Let me give a few comments how the presented code works:

  • we run our function in the registries/General subdirectory of the first
    entry of the DEPOT_PATH variable (this is where Julia package manager first
    looks for installed packages);
  • the deps variable is a a dictionary of all dependencies of the current
    project;
  • Registry.toml holds information about available packages in the registry,
    we parse it and store dictionary with package information in the
    general_pkgs variable;
  • constrained is a dictionary that we will populate with information about
    packages that are not in their latest version
  • we iteratively scan all packages in deps dictionary we are interested only
    in packages that are direct dependencies (that were explicitly installed),
    have a version (packages from standard library do not have a version but we
    do not install them anyway), and that are present in general_pkgs dictionary
    (this means that if you are using several depots or sone non-standard way
    of installing packages this code is not guaranteed to be 100% correct);
  • if we have a package that is interesting for us we get a list of all its
    available versions from Versions.toml that is stored in its directory,
    we extract all the versions, convert them to VersionNumber type and select
    a maximum version (note that VersionNumber type has a properly defned order
    so this is safe to do);
  • finally we compare the installed and latest versions of the packages and if
    they differ this information is stored and later returned.

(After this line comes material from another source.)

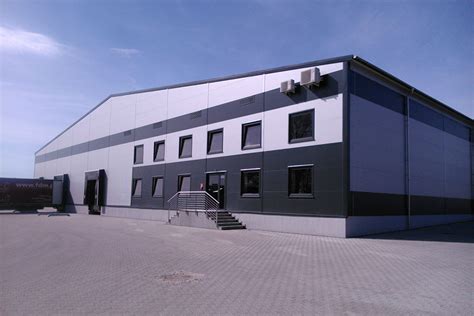 Przemysłowa hala produkcyjna z widocznymi kablami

Diagnosing the problems with package version constraints

We have learned that upgrading GraphPlot.jl package to version 0.4.2 caused us
dependency problems. Let us then find out what are its copat sepecifications.
Here is the code that does the job:

julia> using GraphPlot
[ Info: Precompiling GraphPlot [a2cc645c-3eea-5389-862e-a155d0052231]

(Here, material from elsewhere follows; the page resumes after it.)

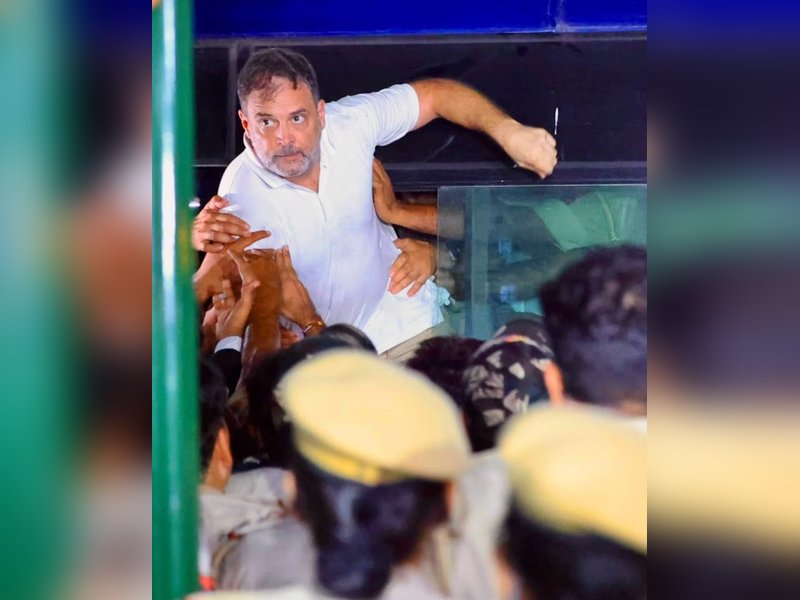 FairPoint: Rahul-Priyanka's aggressive street shows in Oppn's power game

julia> toml_loc = joinpath(dirname(pathof(GraphPlot)), "..", "Project.toml");

julia> Pkg.TOML.parse(read(toml_loc, String))["compat"]
Dict{String,Any} with 7 entries:
  "Compose"               => "0.7, 0.8"
  "julia"                 => "1"
  "ColorTypes"            => "0.9"
  "ArnoldiMethod"         => "0.0.4"
  "LightGraphs"           => "1.1"
  "VisualRegressionTests" => ">= 0.2"
  "Colors"                => "0.11"

And we see that ColorTypes.jl and Colors.jl had to be downgraded when we
installed the 0.4.2 version of GraphPlot.jl (we can see in the listing above
that they were downgraded). And downgrading these two packages, in cascade,
made Julia package manager change the versions of other packages, Plots.jl in
particular.

In the code above note that in order to get a path of GraphPlot.jl file from
GraphPlot.jl package we first have to load it with using GraphPlot command.
Then in order to properly construct the toml_loc variable we have to go one
step up in the path with .. as GraphPlot.jl file is located in src
subdirectory in the package sources.

In order to resolve such problems systematically is best to submit a PR to the
packages that have outdated dependencies. This is exactly what I did
here (and the PR got merged as of this writing).